··· PROVIDED DATA ···

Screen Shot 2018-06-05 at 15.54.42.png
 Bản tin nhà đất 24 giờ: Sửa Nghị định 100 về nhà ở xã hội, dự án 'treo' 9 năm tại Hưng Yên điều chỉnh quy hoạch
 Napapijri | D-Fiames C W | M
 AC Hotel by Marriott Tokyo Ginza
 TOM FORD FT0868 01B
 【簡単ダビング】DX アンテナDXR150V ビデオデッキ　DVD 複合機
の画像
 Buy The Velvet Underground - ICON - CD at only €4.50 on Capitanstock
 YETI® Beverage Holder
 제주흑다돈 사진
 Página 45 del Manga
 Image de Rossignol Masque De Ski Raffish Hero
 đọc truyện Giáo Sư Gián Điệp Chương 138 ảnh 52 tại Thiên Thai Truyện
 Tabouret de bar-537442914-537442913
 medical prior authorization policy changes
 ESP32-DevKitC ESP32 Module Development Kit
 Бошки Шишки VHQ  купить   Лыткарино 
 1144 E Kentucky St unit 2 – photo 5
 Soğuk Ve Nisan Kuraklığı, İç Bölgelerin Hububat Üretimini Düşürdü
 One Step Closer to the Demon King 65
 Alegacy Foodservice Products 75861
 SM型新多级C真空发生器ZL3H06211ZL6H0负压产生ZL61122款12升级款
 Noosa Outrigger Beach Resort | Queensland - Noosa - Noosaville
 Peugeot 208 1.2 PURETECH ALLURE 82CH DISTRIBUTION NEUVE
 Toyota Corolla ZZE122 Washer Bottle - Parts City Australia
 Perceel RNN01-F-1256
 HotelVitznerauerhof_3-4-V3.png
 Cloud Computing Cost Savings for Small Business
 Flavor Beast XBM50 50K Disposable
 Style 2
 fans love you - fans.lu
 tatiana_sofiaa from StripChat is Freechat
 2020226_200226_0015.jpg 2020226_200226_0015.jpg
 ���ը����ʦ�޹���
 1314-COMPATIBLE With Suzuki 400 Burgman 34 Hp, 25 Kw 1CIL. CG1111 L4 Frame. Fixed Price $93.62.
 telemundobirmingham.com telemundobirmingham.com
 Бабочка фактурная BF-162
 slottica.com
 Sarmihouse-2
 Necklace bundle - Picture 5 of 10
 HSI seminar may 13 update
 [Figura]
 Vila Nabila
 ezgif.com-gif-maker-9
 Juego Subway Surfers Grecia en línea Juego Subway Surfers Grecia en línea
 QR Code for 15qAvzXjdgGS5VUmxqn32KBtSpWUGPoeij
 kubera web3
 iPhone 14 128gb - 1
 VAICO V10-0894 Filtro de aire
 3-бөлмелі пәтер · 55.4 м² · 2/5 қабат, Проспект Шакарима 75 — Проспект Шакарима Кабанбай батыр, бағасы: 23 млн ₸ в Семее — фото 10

···

The entries above hold the needed span. Transcribe exactly the lines from the one with "Image de Rossignol" to the one with "ESP32-DevKitC ESP32 Module Development Kit", both included.

→ SOLUTION FOR THIS PROBLEM
 Image de Rossignol Masque De Ski Raffish Hero
 đọc truyện Giáo Sư Gián Điệp Chương 138 ảnh 52 tại Thiên Thai Truyện
 Tabouret de bar-537442914-537442913
 medical prior authorization policy changes
 ESP32-DevKitC ESP32 Module Development Kit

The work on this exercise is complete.